The new Joker film again reimagines the much hated, yet beloved murderous clown of the Batman DC comics. Joker, now played by Joaquin Phoenix, is a tastelessly realistic depiction of a violent, unwell man. This depiction has artistic merit–some viewers may even enjoy the grime–but the overall cinematic experience suffers under a spell that is simply too dark.
The most salient feature of Phoenix’s depiction of this new Joker is his refusal to pull any punches. Jared Leto’s hilariously flawed portrayal of the same character was led astray by a proclivity for edgy showmanship and an almost pubescent sex drive for girlfriend Harley Quinn. Despite Heath Ledger’s talents, his Joker was thrown by a limiting portrayal of the character as mob-boss, a kind of organized mafioso in face paint. In the midst of (deserved) media backlash, Phoenix’s Joker is a villain borne out of poorly regulated mental health, social isolation, a proclivity for unsettling violence, and mad luck. Throughout the film, Phoenix grips onto one foundational decision again and again: to forgo all cinematic convention (i.e. watchability, humor, relatability…) in favor of brutal honesty.

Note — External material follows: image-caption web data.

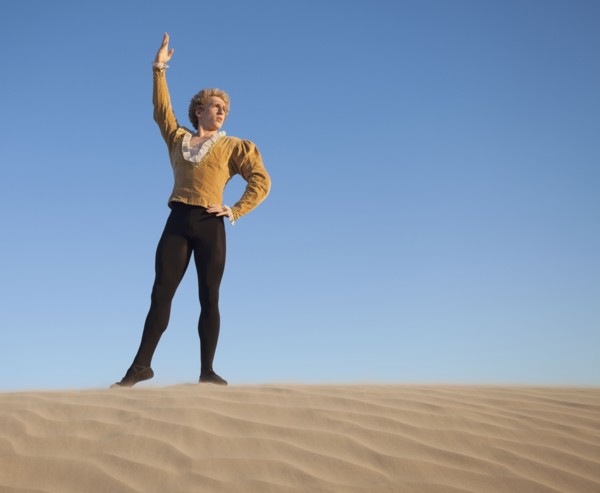 Ballet dancer in desert. Photo : Mike Kemp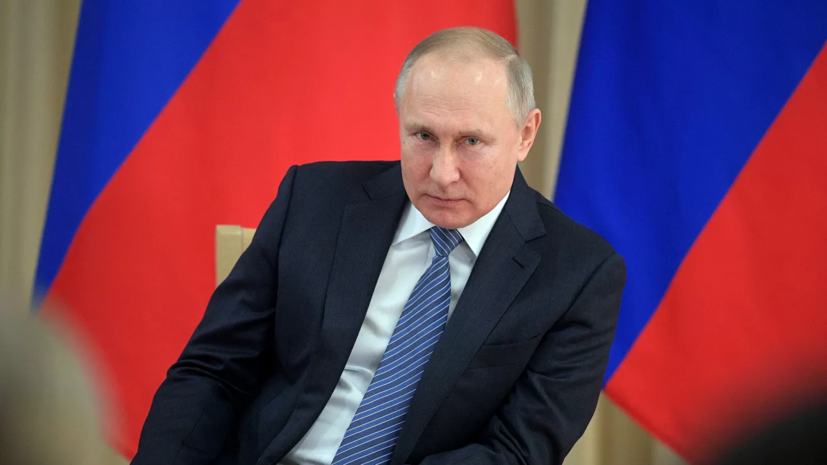 Путин назвал ближайшие недели определяющими в ситуации с коронавирусом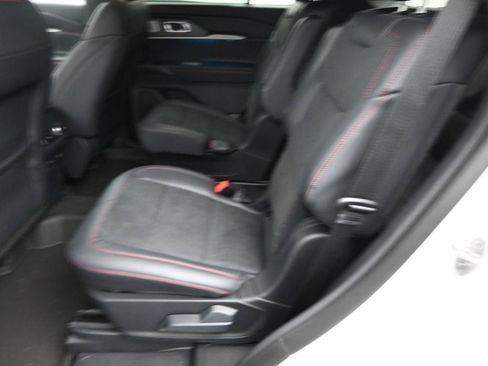 New 2026 Ford Explorer ST w/ Sun And Sound Package image 33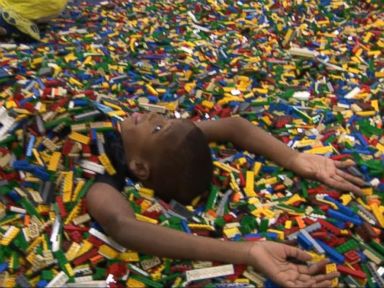 VIDEO: Nearly 30,000 Fans Flock to LEGO Expo in Virginia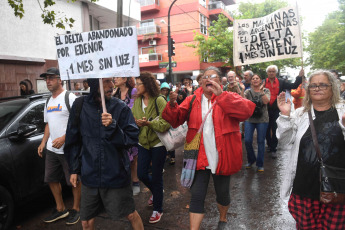 Buenos Aires, Argentina.- In the photos taken on January 16, 2024, residents of the Tigre Delta marched to the energy company Edenor due to power outages for a month. There are more than 1,600 users on the islands of the Tigre Delta who are still without electricity since the last storm on December 17 that affected the entire country and left 17 dead in Bahía Blanca.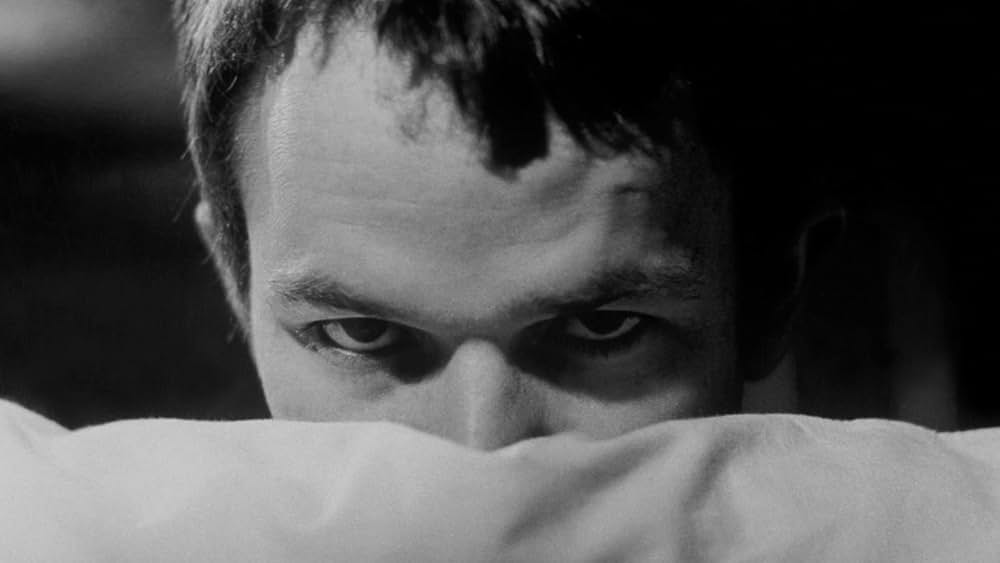 ポケットの中の握り拳の画像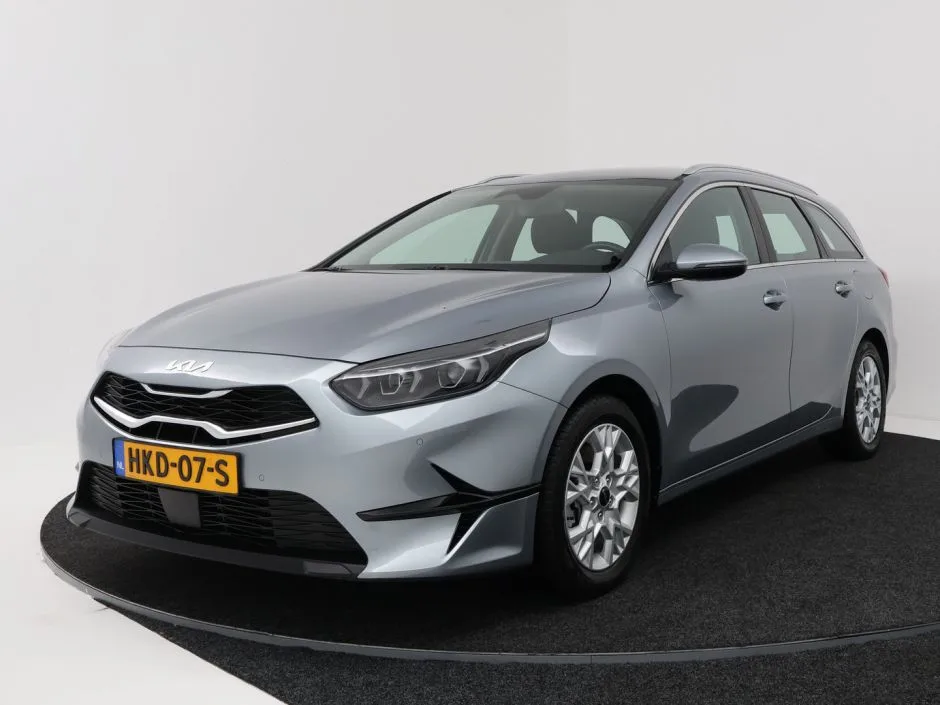 Kia Ceed_Sportswagon (2025) — foto 1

Joker presents a man of two halves. Audiences will recognize one half, the one in which Joker presents as a confident, ruthless agent of chaos and death. This half is important to the mythos of the character, but 2019’s Joker focuses the larger part of its screen time on the villain’s other half. This new half is a pitiful, socially-inept creep who so severely lacks self-awareness that he feels he is an agent of altruism. Arthur Fleck, Phoenix’s Joker, references a “quote” from his mother: “She told me I had a purpose: to bring laughter and joy to the world.” It’s this earnestness and sincerity that makes Phoenix’s Joker truly uncanny. The film is quite literally hard to watch, as Fleck spends the runtime grasping feebly at his imagined compassion.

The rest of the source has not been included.